Quem tiver a oportunidade de ver a obra, não deve perder esse momento de sorte. "El Caso Padilla" é um documentário dirigido por Pavel Giraud, cubano radicado na Espanha.

Carro passa por bandeira dos Comitês de Defesa da Revolução (CDR) em Havana, a capital de Cuba
Carro passa por bandeira dos Comitês de Defesa da Revolução (CDR) em Havana, a capital de Cuba - Yamil Lage - 27.set.23/AFP

Heberto Juan Padilla (1932-2000) foi um dos tantos intelectuais cubanos que se animou e vestiu a camisa da Revolução Socialista (1959) quando esta surgiu, transformou Cuba e contagiou a esquerda internacional.

O entusiasmo, porém, não duraria muito. Padilla começou a sinalizar abertamente que o regime tentava regular e controlar a atividade editorial do país. O ruído cresceu tanto que o poeta e escritor foi preso em 1971.

A acusação? Ter publicado "Fuera del Juego", um livro de poemas que questionava imposições ideológicas na produção artística. Foi considerada uma "ação subversiva".

O caso Padilla marcou um antes e um depois na relação entre intelectuais do mundo todo e a Revolução. O charme, a novidade e a promessa de renovação política que emanavam da figura de Fidel Castro (1926-2016) e ressoavam principalmente na Europa e na América Latina sofreram um baque.

Vários se reuniram para um abaixo-assinado, e as principais plumas daquele tempo pediram, numa carta endereçada diretamente a Castro, a liberação de Padilla.

Um dos que desistiu de crer na Revolução exatamente por esse episódio, por exemplo, foi o peruano Mario Vargas Llosa (sim, ele já foi de esquerda). Também Guillermo Cabrera-Infante, a quem Padilla admirava muito e que terminaria radicando-se em Londres para nunca mais voltar. Também se posicionaram pela soltura do poeta e escritor o argentino Julio Cortázar, a americana Susan Sontag e o francês Jean-Paul Sartre, entre outros.
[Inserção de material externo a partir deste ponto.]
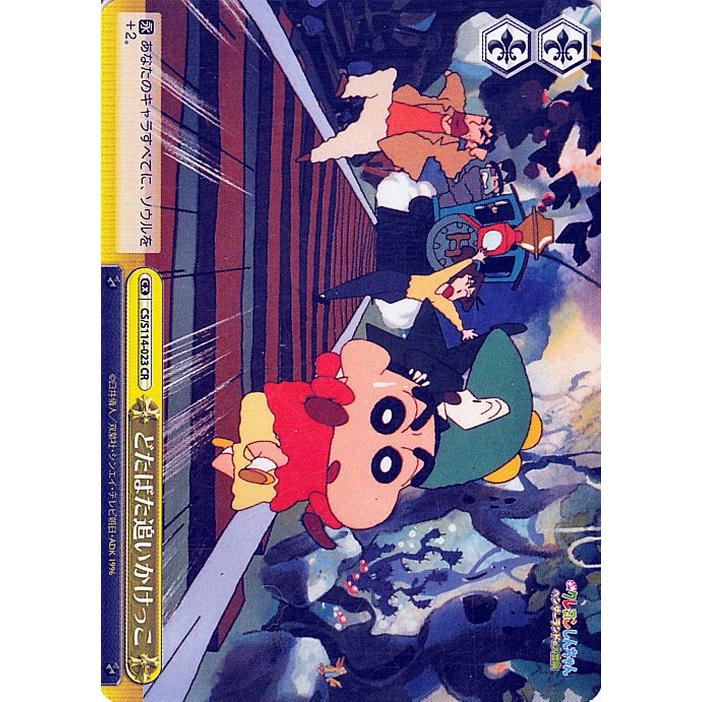 ヴァイスシュヴァルツ 映画クレヨンしんちゃん どたばた追いかけっこ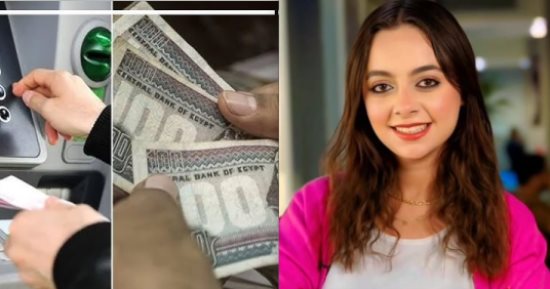حقيقة زيادة معاشات شهر ديسمبر 2025 بعد رفع الحدين الأدنى والأقصى.. فيديو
Depois de trinta e sete dias de encarceramento e tortura, Padilla foi solto. Mas havia uma contrapartida. Ele deveria dar um discurso, que ocorreu em 27 de abril de 1971, na sede da União dos Escritores e Artistas de Cuba, em Havana. Houve uma convocatória oficial do regime para que todos os escritores e artistas comparecessem. Era necessário lotar o auditório para a sessão vergonhosa pela qual Padilla teria de passar.

Como já se havia feito durante o stalinismo, na então União Soviética, ou na China da Revolução Cultural, em Cuba obrigaram Padilla a se autoculpar. Seu discurso de quatro horas foi um enorme mea-culpa, em que afirmava ser um "contrarrevolucionário", praticamente pedindo desculpas a Castro.

Há investimento cinematográfico na "confissão" de Padilla, várias câmaras nele e também no público, como que para examinar as reações dos demais artistas.

Dessas quatro horas, Giraud mostra 60 minutos no filme, o que já é o suficiente para transmitir o mal-estar, o desespero, visível na voz, no gestual e no suor que escorria do rosto de Padilla.

O escritor tentou, logo depois, deixar a ilha, mas o regime não permitiu até meados dos anos 1980. Ele viveu em Nova York, Washington, Madrid, e terminou seus dias em Princeton.

Mais de 20 anos após sua morte, escritores continuam sendo perseguidos e condenados ao exílio por expor o regime, principalmente depois dos protestos de 11 de julho de 2021. Um deles é Abraham Jiménez Enoa, que acaba de lançar na Espanha "La Isla Oculta". Em alguns pontos, parece algo que Padilla poderia ter escrito.